Structural properties of 10 μm thick InN grown on sapphire (0001)
Introduction
It is only recently that InN single crystals of decent structural quality have been heteroepitaxially grown by a limited number of research groups worldwide. Most of the InN structural investigations have been based on x-ray diffraction measurements and just a few on transmission electron microscopy [1], [2], [3]. As has been shown for GaN [4], [5], [6], a more complete analysis can be obtained using both of the above techniques and comparing their results.
In this paper, we focused our studies on the structural quality of InN (0001) heteroepitaxially grown on Al2O3 by molecular beam epitaxy. We used both transmission electron microscopy (TEM) and high resolution x-ray diffraction (HR-XRD), in order to investigate the structural properties of InN and determine the density of threading dislocations (TDs). In the case of TEM, TD density was directly measured, while in the case of HR-XRD it was calculated through the peak broadening.
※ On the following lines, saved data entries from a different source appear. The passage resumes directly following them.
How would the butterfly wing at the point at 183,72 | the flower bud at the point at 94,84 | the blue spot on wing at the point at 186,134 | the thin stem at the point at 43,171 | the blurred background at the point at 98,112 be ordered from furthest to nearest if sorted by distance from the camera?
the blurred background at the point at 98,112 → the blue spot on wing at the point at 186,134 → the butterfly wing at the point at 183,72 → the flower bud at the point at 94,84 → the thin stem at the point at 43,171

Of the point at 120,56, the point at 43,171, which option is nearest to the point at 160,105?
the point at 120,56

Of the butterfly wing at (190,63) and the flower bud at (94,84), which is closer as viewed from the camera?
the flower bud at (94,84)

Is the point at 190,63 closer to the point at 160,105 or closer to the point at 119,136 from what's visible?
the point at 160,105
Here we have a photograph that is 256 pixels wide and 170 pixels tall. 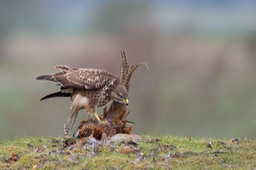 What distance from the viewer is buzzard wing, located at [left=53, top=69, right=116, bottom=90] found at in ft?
33.9

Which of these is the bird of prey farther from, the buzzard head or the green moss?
the green moss

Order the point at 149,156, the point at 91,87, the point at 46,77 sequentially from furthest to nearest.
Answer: the point at 46,77
the point at 91,87
the point at 149,156

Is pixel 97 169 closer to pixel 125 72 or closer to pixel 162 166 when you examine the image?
pixel 162 166

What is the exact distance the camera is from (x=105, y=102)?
10555 millimetres

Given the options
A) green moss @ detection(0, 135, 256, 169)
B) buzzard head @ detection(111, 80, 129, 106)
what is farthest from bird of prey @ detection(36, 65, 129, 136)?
green moss @ detection(0, 135, 256, 169)

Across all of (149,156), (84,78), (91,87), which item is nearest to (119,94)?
(91,87)

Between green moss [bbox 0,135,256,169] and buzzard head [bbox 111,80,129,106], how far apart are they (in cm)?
61

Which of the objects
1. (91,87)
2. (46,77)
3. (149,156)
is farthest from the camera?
(46,77)

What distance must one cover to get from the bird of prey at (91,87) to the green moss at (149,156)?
2.04ft

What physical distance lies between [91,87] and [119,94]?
38cm

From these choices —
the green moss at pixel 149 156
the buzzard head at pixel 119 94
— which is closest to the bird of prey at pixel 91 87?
the buzzard head at pixel 119 94

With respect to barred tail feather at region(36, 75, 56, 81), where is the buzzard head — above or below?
above

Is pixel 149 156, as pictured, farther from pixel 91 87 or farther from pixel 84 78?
pixel 84 78

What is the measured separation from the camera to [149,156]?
30.4 ft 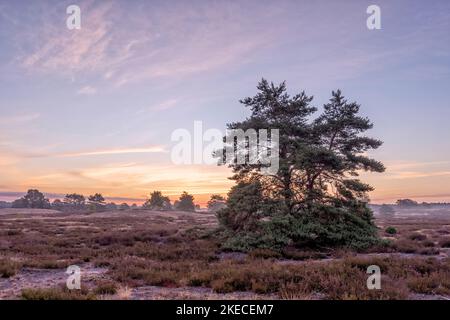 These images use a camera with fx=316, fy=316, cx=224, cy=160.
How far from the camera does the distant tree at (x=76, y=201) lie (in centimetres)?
14150

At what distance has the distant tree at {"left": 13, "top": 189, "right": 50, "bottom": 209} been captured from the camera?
5084 inches

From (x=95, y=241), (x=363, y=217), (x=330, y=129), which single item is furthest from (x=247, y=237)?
(x=95, y=241)

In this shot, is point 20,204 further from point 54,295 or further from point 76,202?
point 54,295

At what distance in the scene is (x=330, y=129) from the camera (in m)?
20.9

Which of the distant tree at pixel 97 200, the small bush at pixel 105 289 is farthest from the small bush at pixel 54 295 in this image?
the distant tree at pixel 97 200

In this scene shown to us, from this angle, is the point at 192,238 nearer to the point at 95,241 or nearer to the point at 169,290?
the point at 95,241

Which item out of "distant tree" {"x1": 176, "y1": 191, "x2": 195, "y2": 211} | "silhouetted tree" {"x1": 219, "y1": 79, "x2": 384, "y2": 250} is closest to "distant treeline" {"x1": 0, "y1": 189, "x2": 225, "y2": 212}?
"distant tree" {"x1": 176, "y1": 191, "x2": 195, "y2": 211}

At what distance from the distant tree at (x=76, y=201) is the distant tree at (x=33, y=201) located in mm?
9780

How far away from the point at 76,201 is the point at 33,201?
1742 centimetres

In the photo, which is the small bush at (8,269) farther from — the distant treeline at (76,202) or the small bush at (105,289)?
the distant treeline at (76,202)

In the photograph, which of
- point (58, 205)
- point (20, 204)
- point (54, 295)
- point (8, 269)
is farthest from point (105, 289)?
point (58, 205)

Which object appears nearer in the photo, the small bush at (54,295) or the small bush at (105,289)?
the small bush at (54,295)

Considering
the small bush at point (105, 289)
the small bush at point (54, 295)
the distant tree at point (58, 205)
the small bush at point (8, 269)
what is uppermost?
the small bush at point (54, 295) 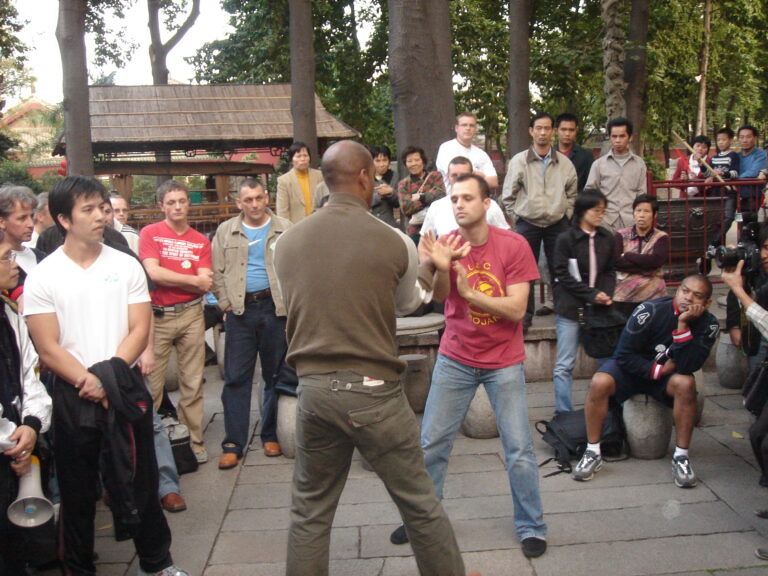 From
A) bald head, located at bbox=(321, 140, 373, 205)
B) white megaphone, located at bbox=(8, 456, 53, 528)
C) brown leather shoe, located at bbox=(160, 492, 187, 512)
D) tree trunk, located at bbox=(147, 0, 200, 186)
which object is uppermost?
tree trunk, located at bbox=(147, 0, 200, 186)

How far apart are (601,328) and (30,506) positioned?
3920mm

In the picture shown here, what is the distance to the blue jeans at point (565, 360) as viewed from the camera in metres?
6.01

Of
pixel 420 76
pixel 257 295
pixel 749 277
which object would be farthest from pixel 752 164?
pixel 257 295

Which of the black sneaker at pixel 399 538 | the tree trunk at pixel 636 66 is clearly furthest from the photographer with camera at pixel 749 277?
the tree trunk at pixel 636 66

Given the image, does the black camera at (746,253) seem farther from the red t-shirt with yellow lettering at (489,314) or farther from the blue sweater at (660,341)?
the red t-shirt with yellow lettering at (489,314)

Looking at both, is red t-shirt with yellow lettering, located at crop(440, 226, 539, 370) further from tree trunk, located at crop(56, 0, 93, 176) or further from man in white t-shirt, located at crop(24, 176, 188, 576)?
tree trunk, located at crop(56, 0, 93, 176)

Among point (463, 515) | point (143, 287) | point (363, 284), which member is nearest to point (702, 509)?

Comparing the results of TEM with those of HR-XRD, conclusions about the spatial distribution of the pure-edge TDs in InN were drawn. Besides the comparison between TEM and HR-XRD as structural characterization tools, we also investigated the evolution of TDs along the [0001] growth direction. For the purposes of this work, we examined a sample consisting of a 10 μm thick InN epilayer grown on Al2O3 using thin intermediate layers of AlN and GaN.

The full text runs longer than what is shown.